The fuzzy based ontology system is developed by the researchers in the text extraction level. 
The characteristics of data are analyzed to check the possibility of solving frequently posed questions [9]. 
The search facility is the main feature of CQA services which permits the members to search their archives. 
Normally, the information retrieval approaches are developed in which the member can construct and send 
arbitrary collection of questions until the old question for the current need is obtained [10]. The reuse of past 
QA pairs provides the benefit of enhancing user experience [11]. 

The efficiency of processing natural language questions are improved while heterogeneous data is 
utilized as an answer source. The usage of unique source is not straightforward because of pattern 
variation [12]. When mapping the question with the semantic content of knowledgebase, depth information is 
required [13]. Group based recommendations are developed with two techniques namely aggregation of 
interesting profile and aggregation of recommendation list [14]. The terminology used in NL question varies 
from the terminology used in knowledge base. The solution for conceptual disambiguation is essential for 
searching the matches from homogeneous or heterogeneous resources [15]. 

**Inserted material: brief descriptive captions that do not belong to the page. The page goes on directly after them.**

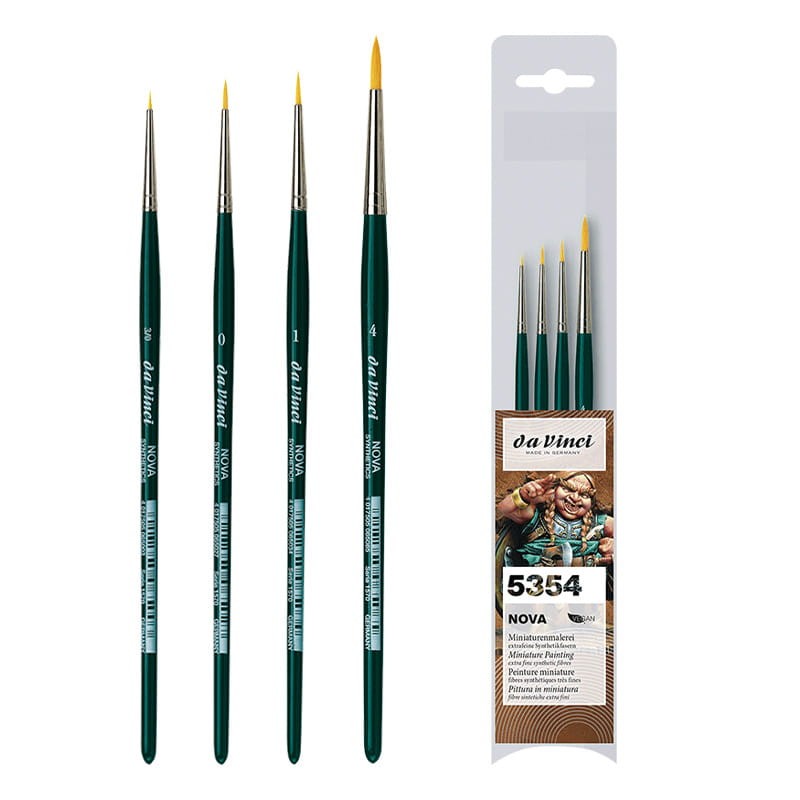 Pędzle syntetyczne do figurek i miniatur da Vinci NOVA zestaw 5354 - 4 szt. - okrągłe.01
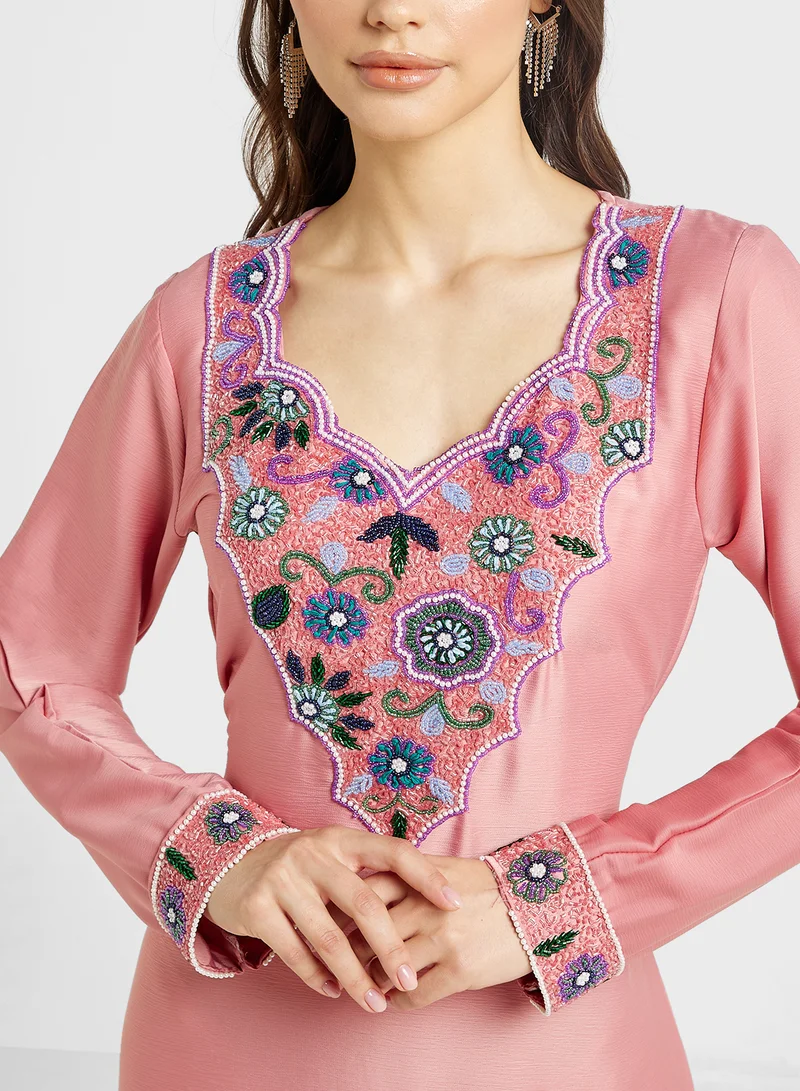 ARABIAN CLOSET Embellished Belted Jalabiya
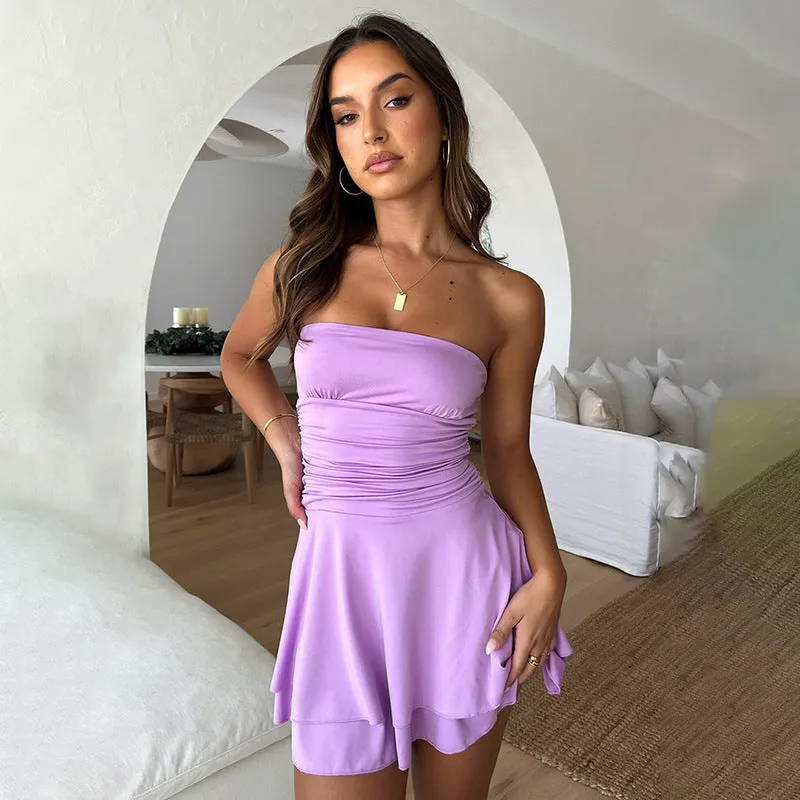 Wjczt olivia rodrigo costume 2024 Women's Spring New Elegant Tube Top Stitching Pleated Pullover Solid Color Short Dress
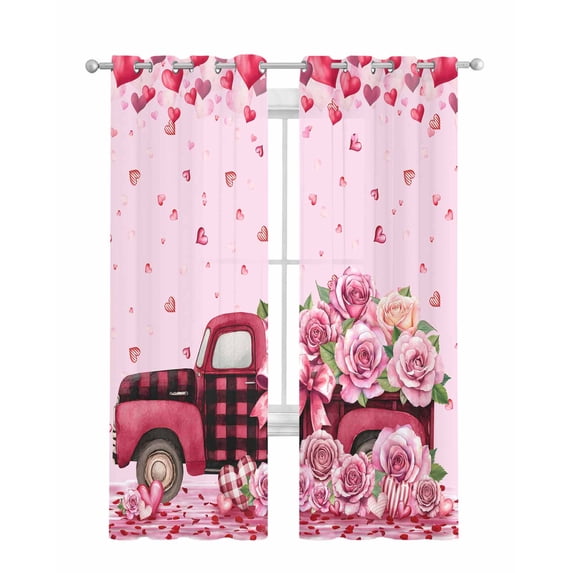 Valentine's Day Sheer Curtains 63 Inch Length 2 Panels Set for Living Room/Bedroom, Romantic Love Roses Truck Ombre Pink Kitchen Curtains Grommet Semi-Sheer Curtains Window Treatments 42"x63"x2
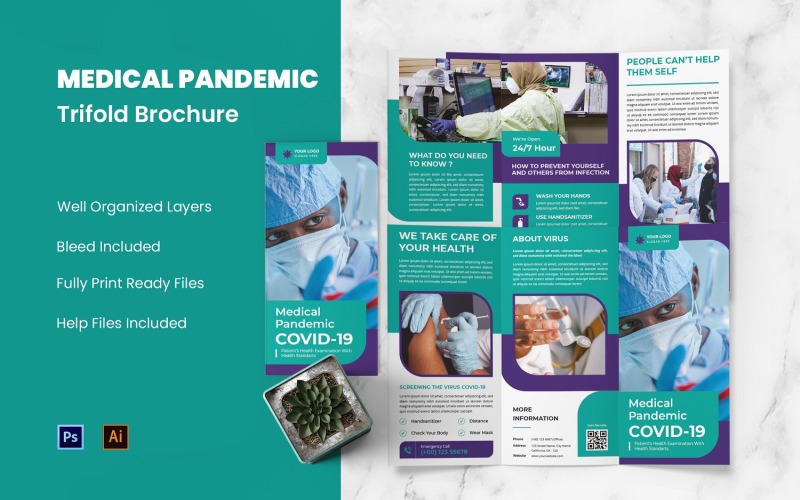 Medical Pandemic Trifold Brochure Corporate Identity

The machine learning paradigms are developed recently for classifying, organizing and extracting 
relevant information. Even though, the question classification is more accurate, it is required to make the 
QAS comprehension more understandable for easily obtaining the correct answer [16, 17]. It faces the 
difficulties such as linguistic gap between the documents and search queries and the unavailability of recently 
posed questions. Hence it is not possible for searching CQA achieves for obtaining web queries [18]. 
The similarity between question and matching words provide the extraction features for top ranked 
answer [19]. 

The outline of this paper is described as follows. Section 2 briefly explains the proposed method of 
complex question answering system. Section 3 describes the Research Method, Hierarchy based Firefly 
Optimized k-means Clustering (HFO-KC). In Section 4, the experimental results are analyzed. Section 5 
discusses the significant aspects of the work and concludes. 


2. THE PROPOSED METHOD 

In the proposed method of complex question answering system, initially the input query is 
preprocessed. After preprocessing, the keywords are obtained and they are segmented. For each segment, 
number of answers are extracted. 

In order to select the correct answer for the given input query, the collected answers are classified 
with k means clustering and the best answer is selected using firefly optimization algorithm. K-Means is one 
of the promising and effective clustering algorithm [20]. Clustering plays a wide role in the recent 
development of computer science [21]. In Machine learning, supervised learning known as classification and 
unsupervised learning known as clustering [22]. The flow diagram of proposed CQA system is shown 
in Figure 1.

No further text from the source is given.